WHAT THIS TASK INVOLVES: The expected result is a verbatim repetition of the lines from the start of the entries through the line containing "Dilf Damn I", with the pictures removed.

::: SUPPLIED RECORDS :::

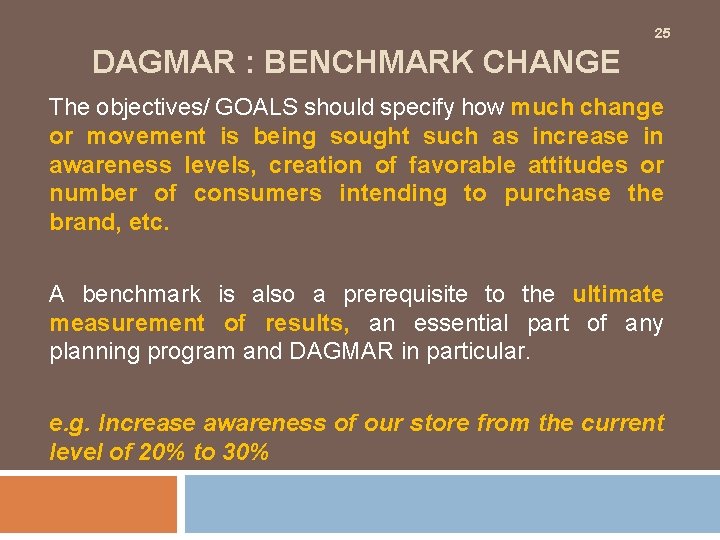 25 DAGMAR : BENCHMARK CHANGE The objectives/ GOALS should specify how much change or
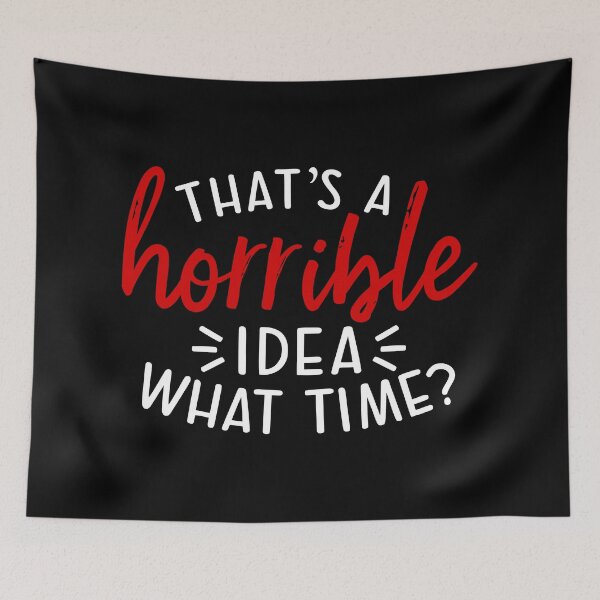 Item preview, Esa es una idea horrible Qué hora, humor divertido, broma sarcástica, hora terrible designed and sold by dmr studio.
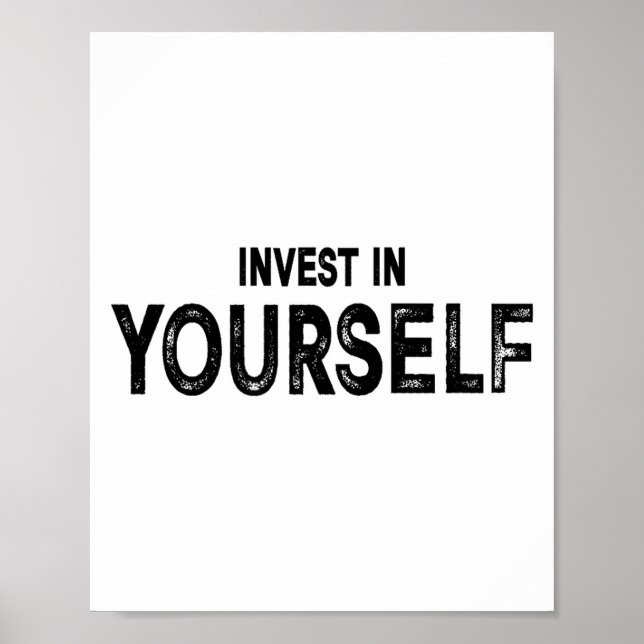 Poster Funny Insrational And Motivational Gift Invest In  (Devant)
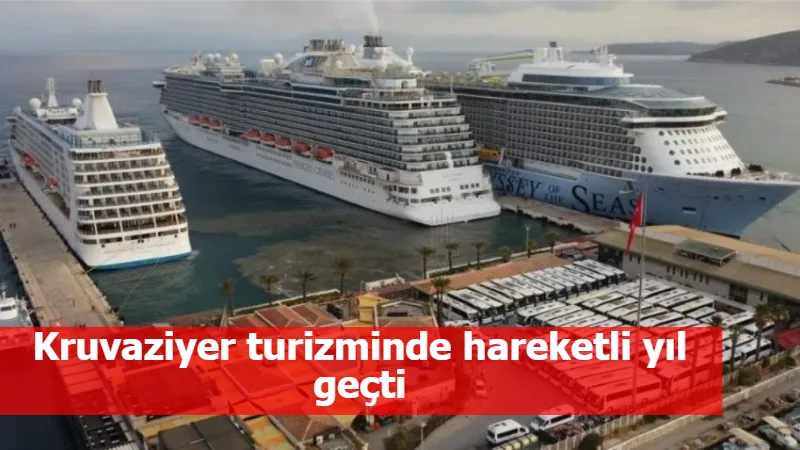 Kruvaziyer turizminde hareketli yıl geçti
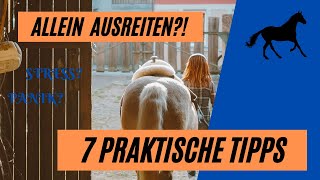 7 Tipps für das alleine Ausreiten ohne Stress und Panik [upl. by Hau]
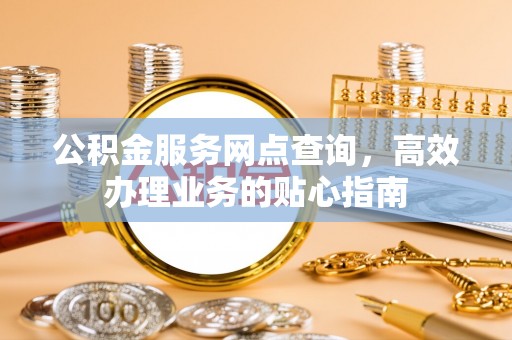 夏邑公积金服务网点查询，高效办理业务的贴心指南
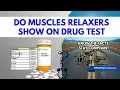 Do Muscle Relaxers Show Up on Drug Tests What Truckers Need to Know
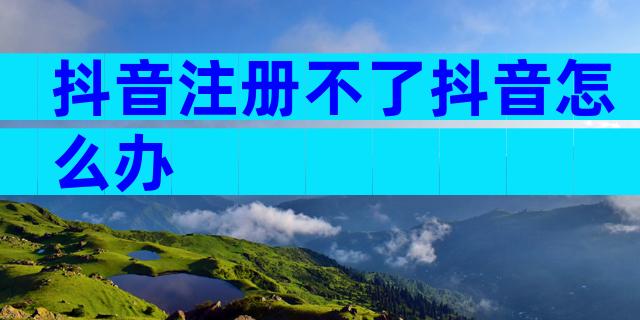 抖音注册不了抖音怎么办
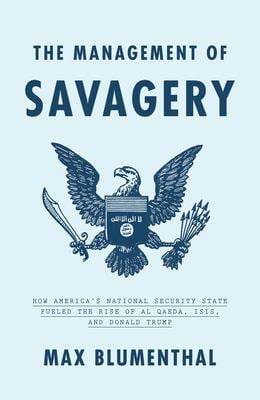 The Management of Savagery : How America's National Security State Fueled the Rise of Al Qaeda, ISIS, and Donald Trump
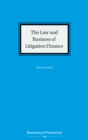 The Law and Business of Litigation Finance - eBook
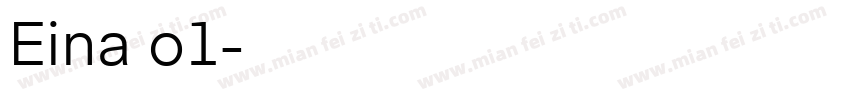 Eina o1字体转换
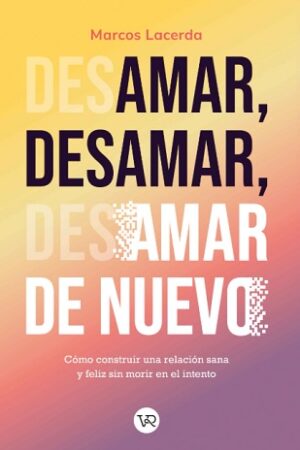 62023-AMAR DESAMAR Y AMAR DE NUEVO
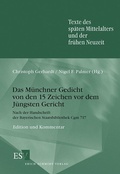 Cover: Das M&uuml;nchner Gedicht von den 15 Zeichen vor dem J&uuml;ngsten Gericht - Erich Schmidt Verlag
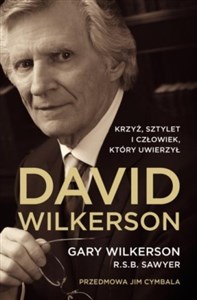 Bild von David Wilkerson Biografia Krzyż Sztylet i człowiek który uwierzył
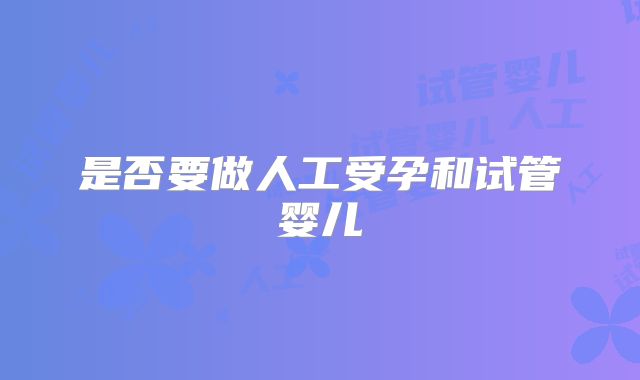 是否要做人工受孕和试管婴儿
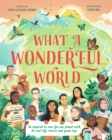 What a Wonderful World : Be inspired to care for our planet with 35 real-life stories and green tips - Book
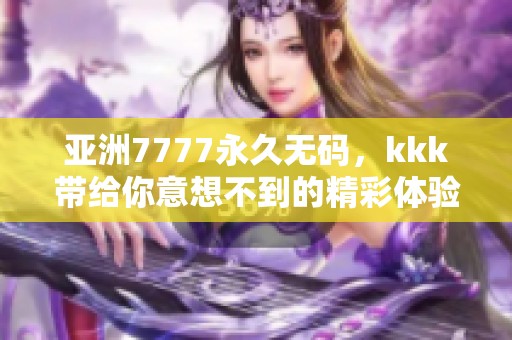 亚洲7777永久**，kkk带给你意想不到的精彩体验与乐趣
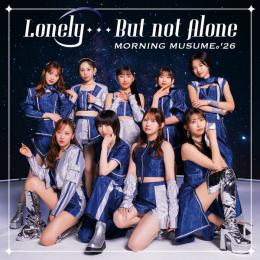 Lonely...But not Alone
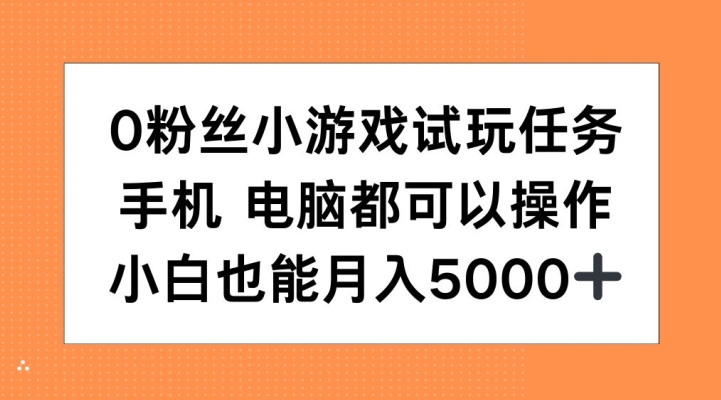 0粉丝小游戏试玩任务,手机电脑都可以操作,小白也能月入5000+【揭秘】-九才资源网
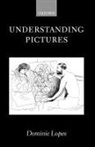 Dominic Lopes, Dominic (Assistant Professor of Philosophy Lopes - Understanding Pictures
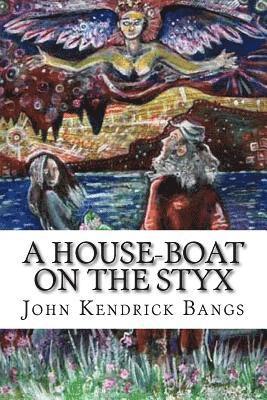 bokomslag A House-Boat on the Styx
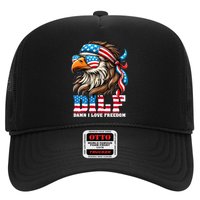 Dilf Damn I Love Freedom Eagle Mullet Funny 4th Of July Hat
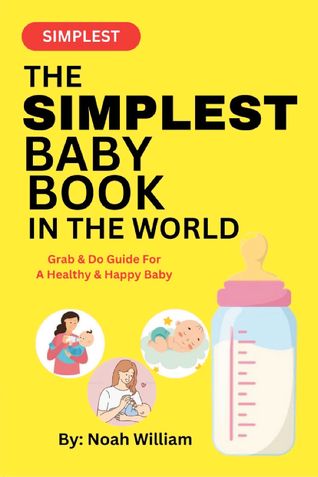 THE SIMPLEST BABY BOOK IN THE WORLD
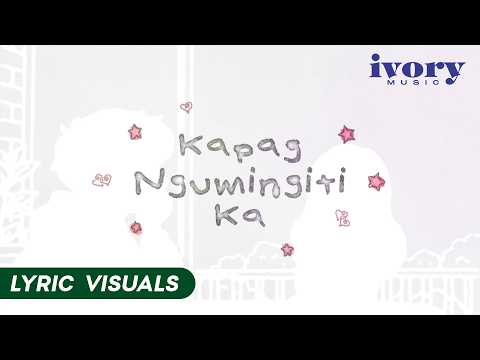 Kapag Ngumingiti Ka - GAT (Official Lyric Visuals)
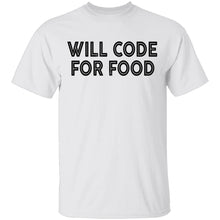 Will Code For Food T-Shirt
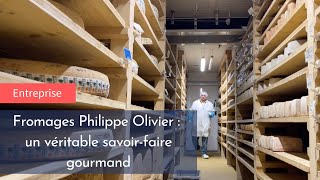 Fromages Philippe Olivier  un véritable savoirfaire gourmand [upl. by Eunice]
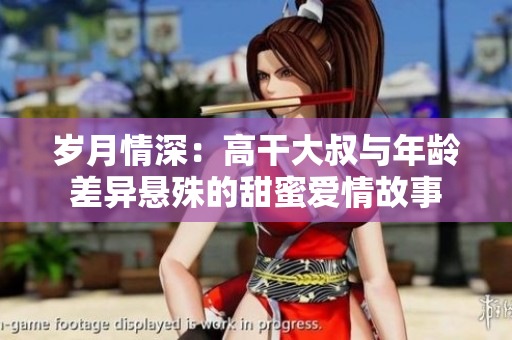 岁月情深：高干大叔与年龄差异悬殊的甜蜜爱情故事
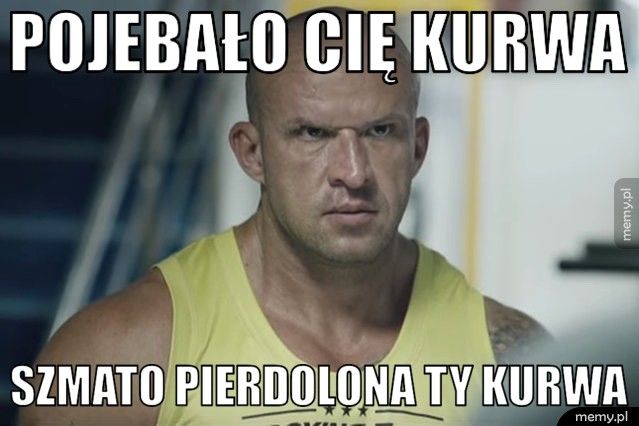 Pojebało Cię kurwa  Szmato pierdolona ty kurwa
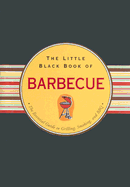 The Little Black Book of Barbecue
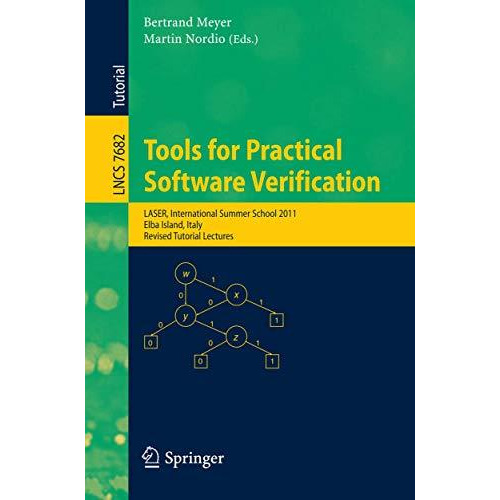 Tools for Practical Software Verification: International Summer School, LASER 20 [Paperback]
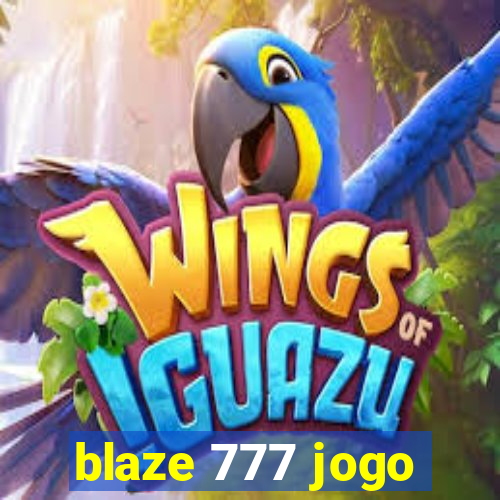 blaze 777 jogo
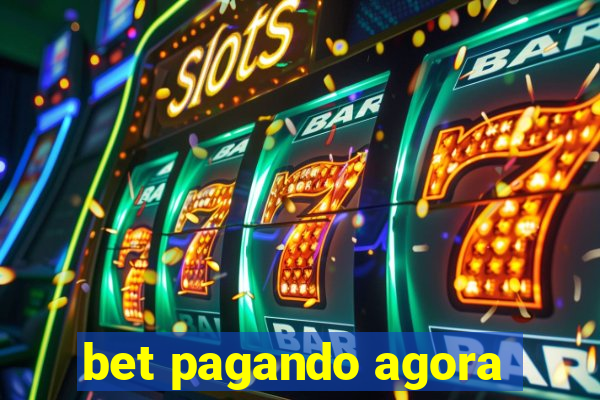 bet pagando agora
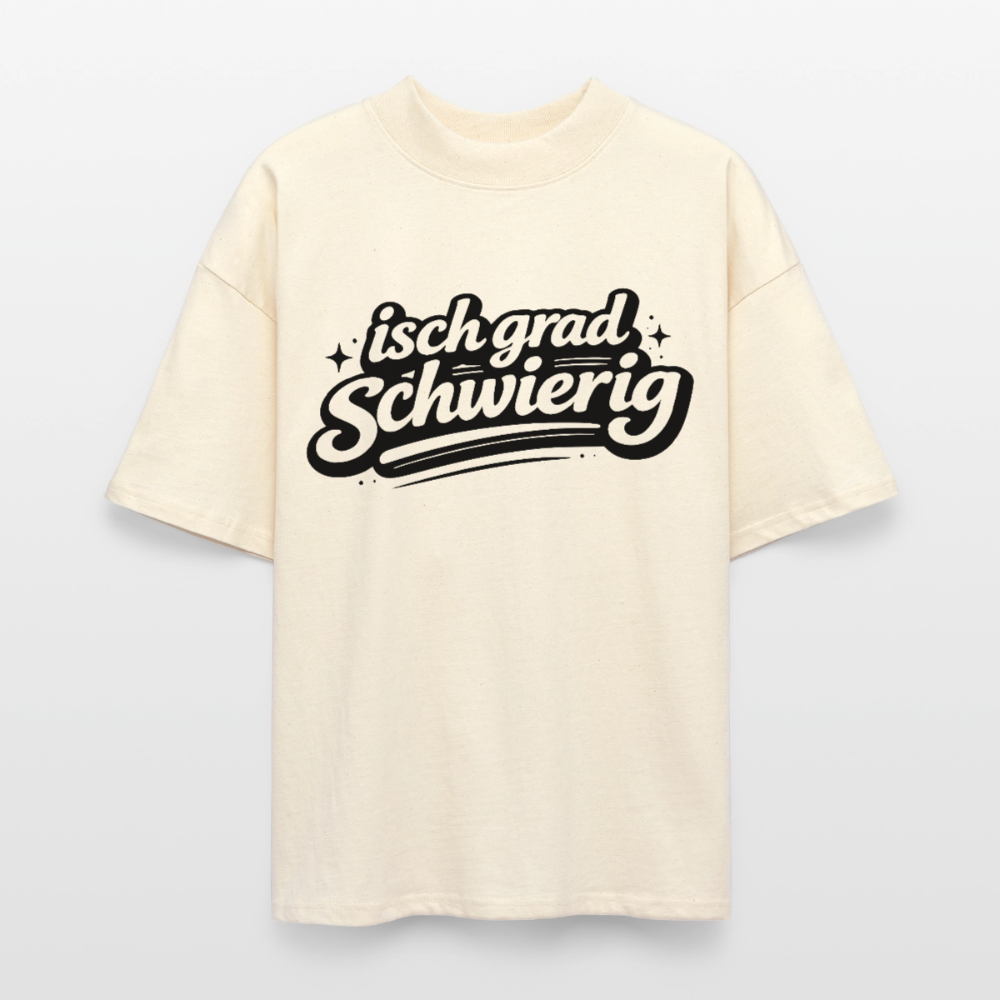 isch grad schwierig Design – Oversized Unisex Bio T-Shirt - Natur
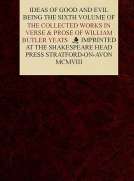 The Collected Works in Verse and Prose of William Butler Yeats, Vol. 6 (of 8)
Ideas of Good and Evil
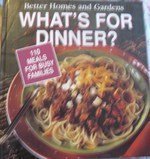 Better Homes and Gardens What's for Dinner?: 110 Meals for Busy Families used book depot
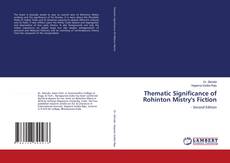 Capa do livro de Thematic Significance of Rohinton Mistry's Fiction 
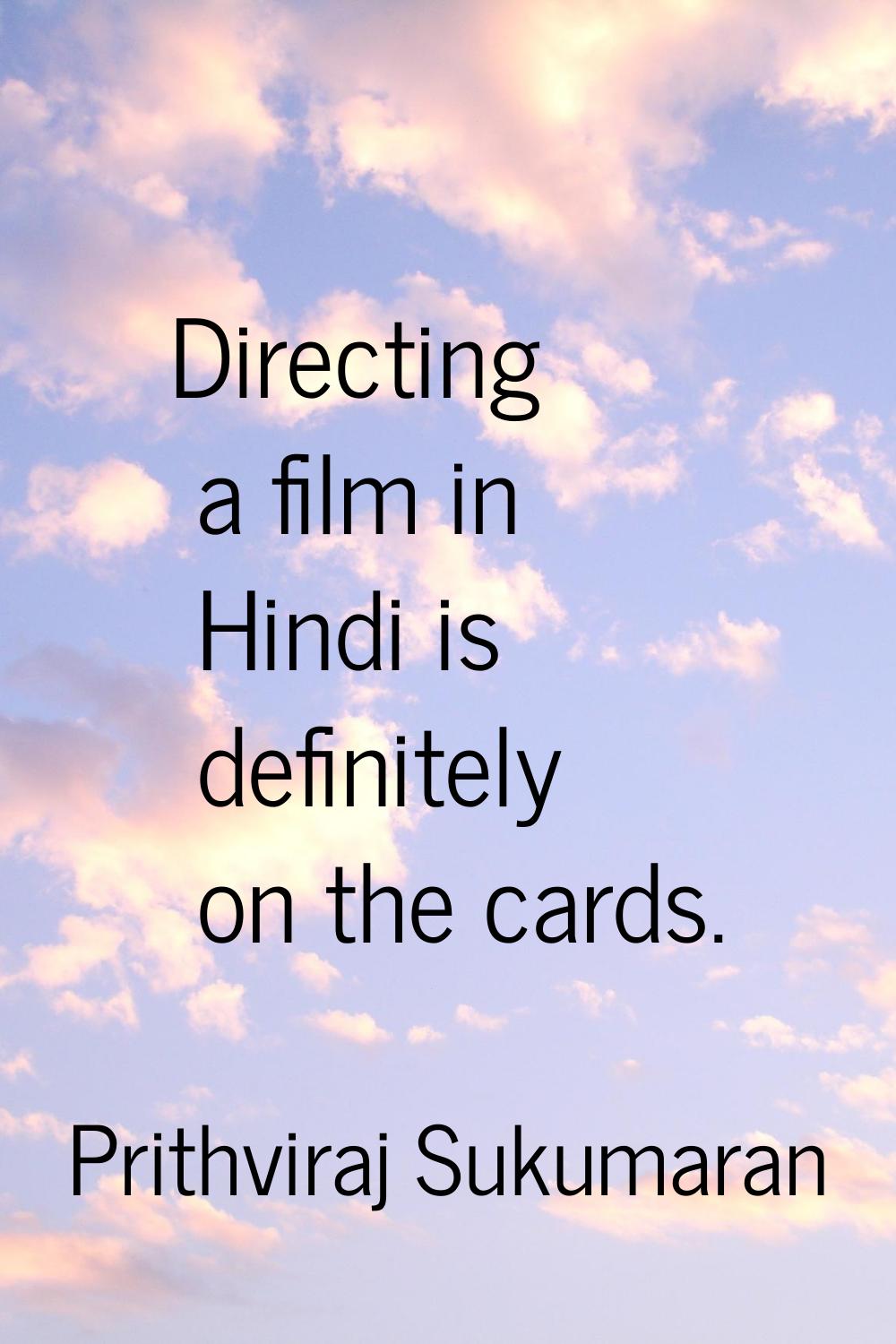 Directing a film in Hindi is definitely on the cards.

:::

WRITTEN SOLUTION:
 25 DAGMAR : BENCHMARK CHANGE The objectives/ GOALS should specify how much change or
 Item preview, Esa es una idea horrible Qué hora, humor divertido, broma sarcástica, hora terrible designed and sold by dmr studio.
 Poster Funny Insrational And Motivational Gift Invest In  (Devant)
 Kruvaziyer turizminde hareketli yıl geçti
 7 Tipps für das alleine Ausreiten ohne Stress und Panik [upl. by Hau]
 夏邑公积金服务网点查询，高效办理业务的贴心指南
 Do Muscle Relaxers Show Up on Drug Tests What Truckers Need to Know
 抖音注册不了抖音怎么办
 The Management of Savagery : How America's National Security State Fueled the Rise of Al Qaeda, ISIS, and Donald Trump
 The Law and Business of Litigation Finance - eBook
 Eina o1字体转换
 62023-AMAR DESAMAR Y AMAR DE NUEVO
 Cover: Das M&uuml;nchner Gedicht von den 15 Zeichen vor dem J&uuml;ngsten Gericht - Erich Schmidt Verlag
 Bild von David Wilkerson Biografia Krzyż Sztylet i człowiek który uwierzył
 是否要做人工受孕和试管婴儿
 What a Wonderful World : Be inspired to care for our planet with 35 real-life stories and green tips - Book
 亚洲7777永久**，kkk带给你意想不到的精彩体验与乐趣
 Lonely...But not Alone
 0粉丝小游戏试玩任务,手机电脑都可以操作,小白也能月入5000+【揭秘】-九才资源网
 Dominic Lopes, Dominic (Assistant Professor of Philosophy Lopes - Understanding Pictures
 bokomslag A House-Boat on the Styx
 Dilf Damn I Love Freedom Eagle Mullet Funny 4th Of July Hat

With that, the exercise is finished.